Of course, this extreme case doesn’t describe reality.  The Chinese are no fools; nor do they so intensely love American history that they’ll accumulate without end U.S. currency for the sake of possessing U.S. currency.

So they plan to spend this currency.

Does it matter when they spend it?  Not much.

Consider the opposite extreme from the one described above: the Chinese (and other foreigners with whom the Chinese deal) spend each dollar they earn the moment they earn it.  In this case, the Chinese accumulate no dollar reserves.  Each dollar Americans spend on imports from China returns immediately to the U.S. as demand for U.S. goods, services, or assets.  This scenario apparently is the punditry’s preferred one, for in it China holds no dollar reserves.

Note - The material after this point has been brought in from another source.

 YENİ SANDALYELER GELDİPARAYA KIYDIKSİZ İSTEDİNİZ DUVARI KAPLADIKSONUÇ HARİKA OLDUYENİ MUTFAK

But how does this spend-their-dollars-immediately scenario differ from what is the likely, actual scenario?  In this most likely scenario, the Chinese accumulate lots of dollars and then spend them over time — sometimes spending them in big lumps (say, to buy several Boeing 777s), other times spending them more gradually, and always holding on to a few as a part of their portfolios or as part of a plan by the Chinese government to keep the dollar’s value higher against the yuan than it would otherwise be.

In both scenarios — one in which the Chinese spend their dollars immediately, the other in which the Chinese spend their dollars eventually — the dollars are spent and return to the U.S. as demand for U.S. goods, services, and assets.  The only difference is the timing.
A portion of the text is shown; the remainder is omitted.